拡声器を使ってガイダンスをするスタッフや警備員なども既に各所でスタンバイしていた。
「時雨さん、鋼戸の夏祭りっていつもこうなの?」
「わ、私も久々なのでよく分からないんですが、この県のお祭りで一番大きいお祭りがこのお祭りですから、そうなんだと思います」
「へ、へぇ————ごめんね急に誘って」
「い、いえ烈火ちゃんとも行く約束はしていたので」
倉井戸のやつ、僕が誘えなかった時の保険まで掛けていたのか————。
朝日と倉井戸がグルなのは早い段階で知っていた。
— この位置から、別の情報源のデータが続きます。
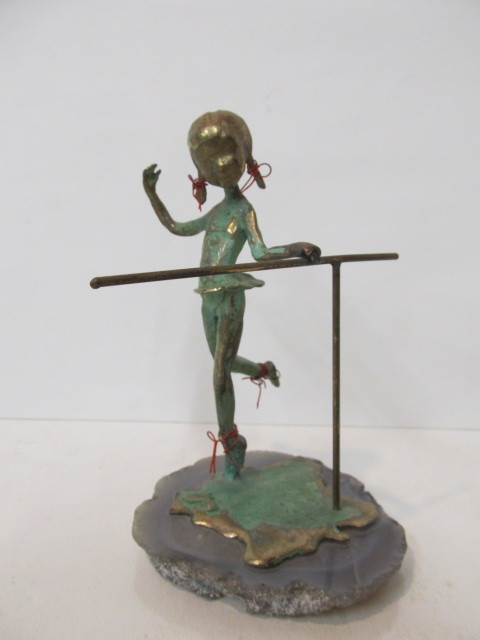 lot 77 image: Vintage Signed Bronze Ballet Girl Sculpture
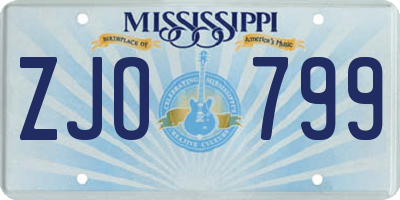 MS license plate ZJO799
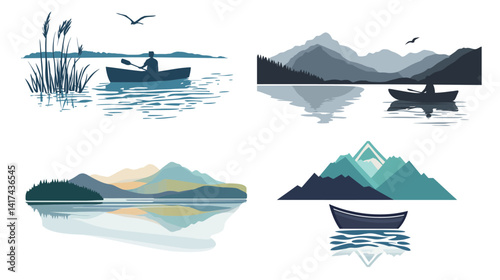 Scenic vector illustration of tranquil lake surrounded by nature, with smooth water surface, distant mountains, trees, and soft sky, perfect for outdoor landscape themes, travel concepts,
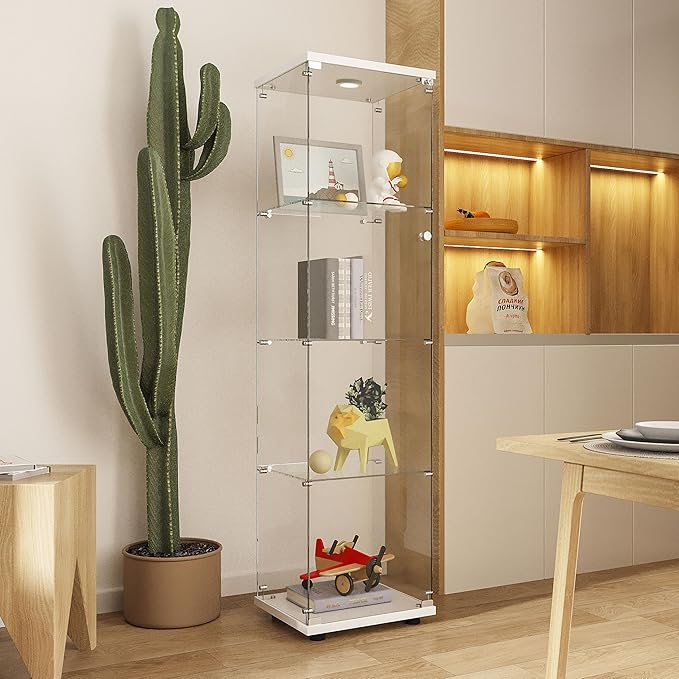 Yoluckea 4-Tier Glass Display Cabinet - Image 5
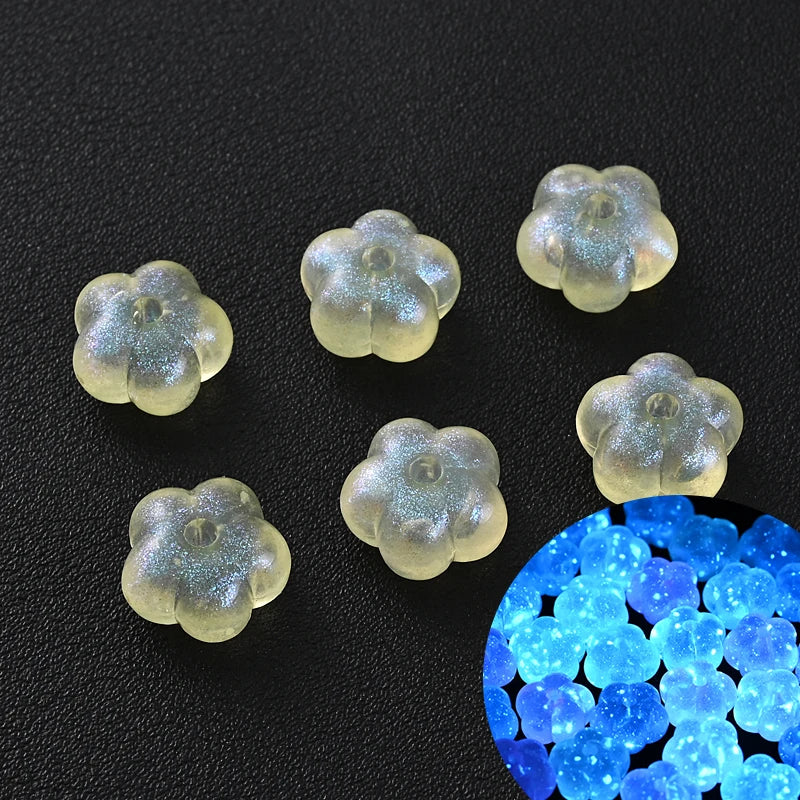 30Pcs Luminous Acrylic Beads 15mm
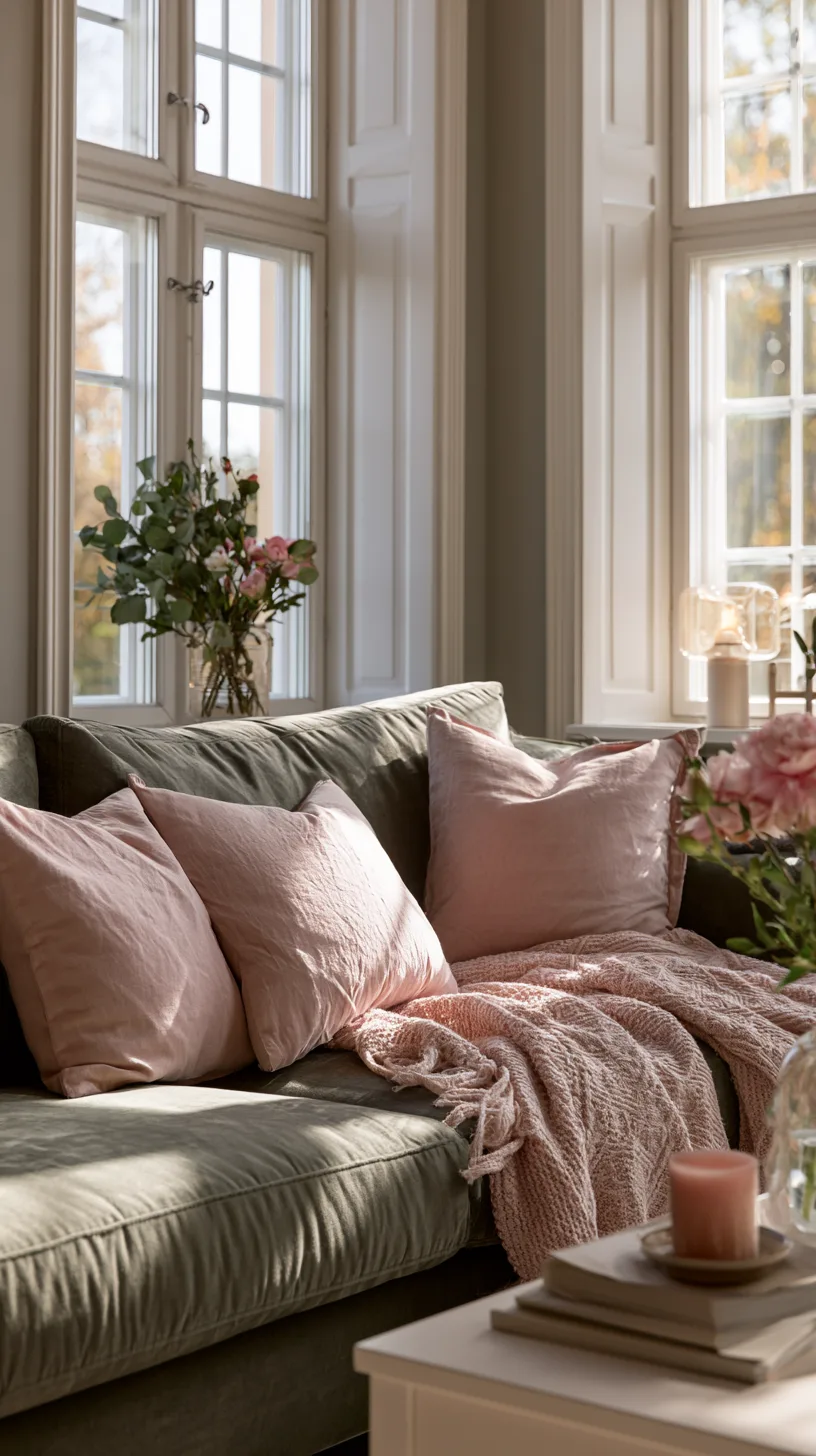 olive green sofa with dusty blush pink pillows and throw for a gentle balanced living room, photo 4 of 4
だけど、やっぱりアイツが何を考えているのかまだ分からないな。
僕と時雨さんが仲良くなって花火大会へ————高校生、夏、花火大会————浴衣、夜、いい雰囲気————
「いや、ないない」
『ごふ』
黄昏が笑ったのが分かった。
次実体化したらなにしてやろうか。
「あ、あの、どうかしたんですか?顔が赤いです————お水飲みますか?」
「あ、いや————いや、なんでもない。大丈夫だよ」
歩きながらもこちらを心配そうに伺う彼女の表情に何故か息を呑む。
いけないいけない。余計な事は考えるな。
人が多い。倉井戸たちとの距離が僅かに離れる。
時雨さんは僕のペースに合わせてくれているけど、他のメンバーはそんなこと知ったこっちゃない。
「っと、おわ!」
何かにつまづいた。
これだけ人が密集しているのなら仕方がないこととはいえ。
「ひゃあ!」
このように、友達の女の子に抱きつくのはよくない。